West Coast ports operate with a complex supply chain that includes a heavy reliance on intermodal rail as well as trucking. The only way this supply chain can function smoothly is if terminal operators, railroads, truckers, and longshore labor maintain constant communication on the arrival and delivery of freight, Wolfe said. The real-time communication is handled through the port’s operations center and website portal for all port users, fostering a “collective effort” for freight movement, he said.
The Northwest Seaport Alliance has also experienced strong growth this past year in warehouse and distribution development in the region, both in the immediate harbor area and in the outlying regions where much of the new industrial real estate development is taking place. A Jones Lang LaSalle third-quarter industrial report showed demand tightening up throughout the region, with the vacancy rate in metropolitan Seattle at 1.8 percent, and a vacancy rate of 2.2 percent in Kent Valley and Pierce County.
All of the West Coast gateways are benefitting from what looks like sustained growth in exports after two years of declines. The export trend has been strong since summer, and appears to be accelerating. Laden export container volume on the West Coast increased 8.8 percent in September and exports are up 4.3 percent year to date. Reports of another large harvest this fall, especially soybeans, bode well for exports in the coming months. The peak season for exports in the trans-Pacific is usually November through March.
On a regional basis, September was a mixed bag for the other West Coast gateways, and the Hanjin bankruptcy definitely had an impact. Hanjin is one of the largest ocean carriers to call in Southern California, and its absence in September was obvious. Total laden container volume in Los Angeles-Long Beach was down 1.3 percent from September 2015. Imports declined 4.1 percent, but exports increased 6.9 percent in September.

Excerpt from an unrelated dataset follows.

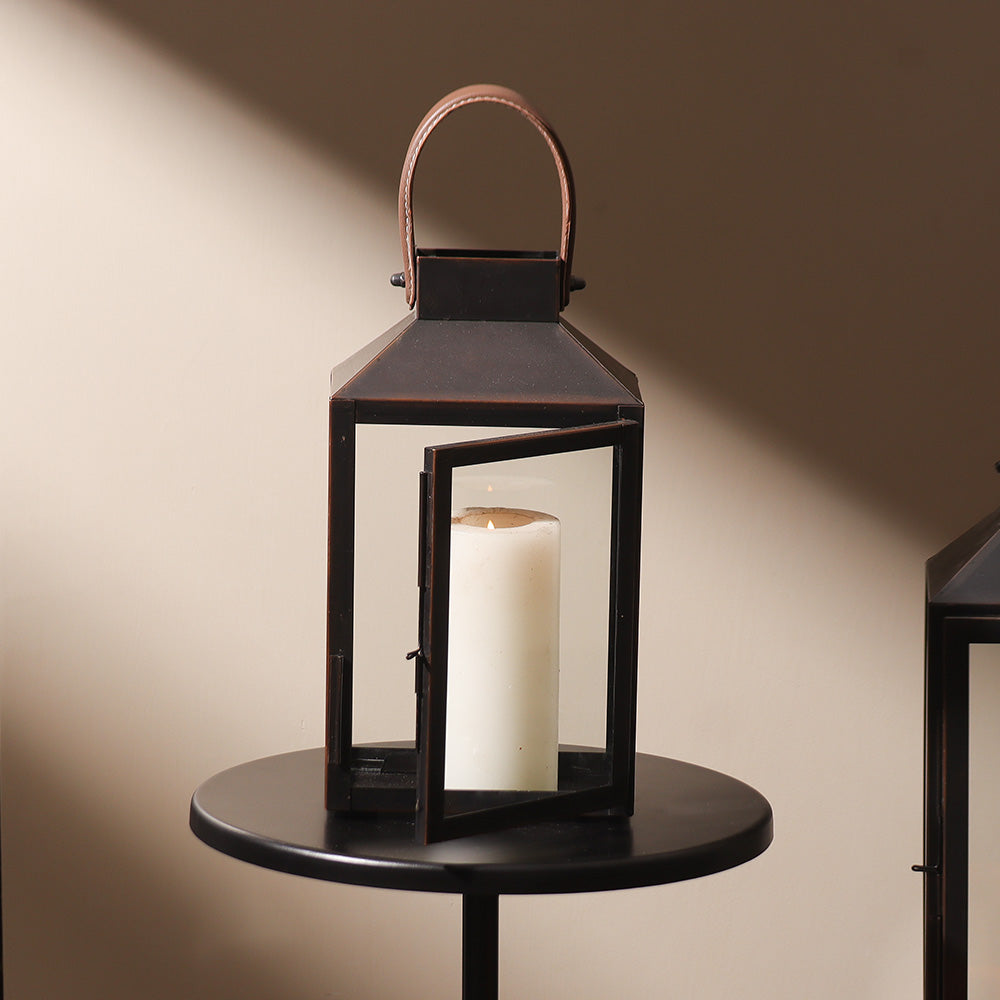 Farol Lantern Medium - Charcoal Brown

Total laden container volume in Oakland increased 3.5 percent in September, as imports declined 3.6 percent and exports surged 11.6 percent.
Imports should improve coastwide when the October numbers are released, and November could also be a good month for imports. Meanwhile, spot freight rates in the eastbound Pacific are starting to reflect the growth in imports.
Spot rates to the West Coast, as listed on the Shanghai Shipping Exchange’s Shanghai Containerized Freight Index increased 6.1 percent last week, which could be an indication that the peak shipping season in the eastbound Pacific will be later than in previous years. If imports of holiday merchandise remain strong well into November, and if exports continue to increase, 2016 could end up being a year of normal growth for West Coast ports.